The investigation shows that the Quetta Shura, the Taliban's leadership council operating out of Pakistan, planned the attack, according to two senior Afghan officials and a third person with knowledge of the findings, who declined to speak on the record. Central to its execution was the governor's cook, a "sleeper" who had provided information to the Taliban in return for money for more than a decade, according to the officials. The attack was in the works for several months, and the target was Kandahar's civilian and military leadership.
One crucial finding of the investigation, carried out with Emirati and American help, was that the operatives on the ground knew that Arab guests were in the room, and they communicated that fact back to Quetta on at least two occasions.
The conclusion, the officials said, has been hard for the U.A.E. government to digest.
"We might have been the target, but Quetta was told the Emiratis were going to be present," said General Raziq, the police chief. "There is no doubt that Pakistan and the Taliban have good relations with the Emiratis. But we have proof that it was done – planned by Pakistan and handled by the Taliban."

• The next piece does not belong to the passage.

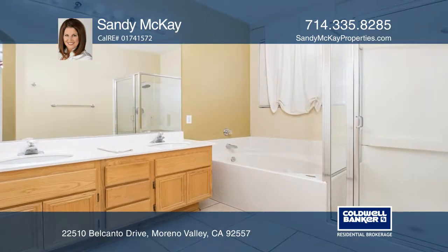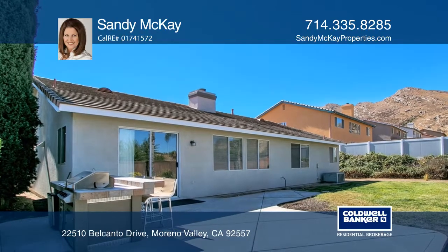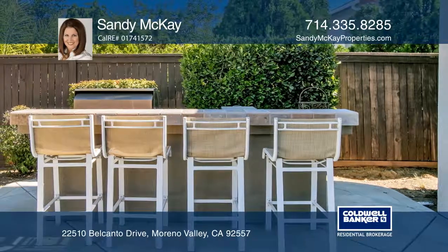The finished 3-car garage boasts insulated doors and epoxy floors. Enjoy the grassy areas in the backyard along with a concrete patio and built-in barbecue.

Another possibility, according to those aware of the investigation as well as Western officials, is that the presence of the Arabs was communicated back to Quetta but someone like a cook would not have realized how important the visitors were. If the Taliban had come so close to achieving a major victory – they have unsuccessfully tried to kill General Raziq more than three dozen times, according to him – they may have accepted that some unknown Arabs would be collateral damage.
"We were the target, but the plan was to take out whoever was in the room – whether it's a minister or an Arab, or anyone," said Dr. Azizi, the governor.
The Taliban, however, stand by their denial, saying that the attack was the result of an internal political rivalry among Afghan officials.
"We have no problem with the United Arab Emirates," their spokesman, Zabihullah Mujahid, said by telephone. "And there is no reason that someone who is helping, particularly an Islamic country, should come under attack."
Afghan officials say that among the leading planners of the attack in Quetta was Hafiz Majeed, a close adviser to the Taliban's supreme leader. In addition to their ideological differences, Mr. Majeed has also been locked in a rivalry with General Raziq. When the Taliban were in power, Mr. Majeed was behind digging up the remains of General Raziq's relative Esmat Muslim, a ruthless militia commander, from near a holy shrine because he thought his presence was polluting.
Investigators followed the trail to Sayed Mahboob Agha, the cook at the governor's palace. Mr. Agha was well trusted – his father before him had cooked for dozens of governors in a career that spanned four decades. And just as his father had brought him in as an assistant, Mr. Agha had brought two of his sons with him, one of whom was on duty at the governor's house around the clock, every day.
Immediately after the attack, Afghan security agencies rounded up dozens of men, among them Mr. Agha and his sons, who were then transferred to Kabul.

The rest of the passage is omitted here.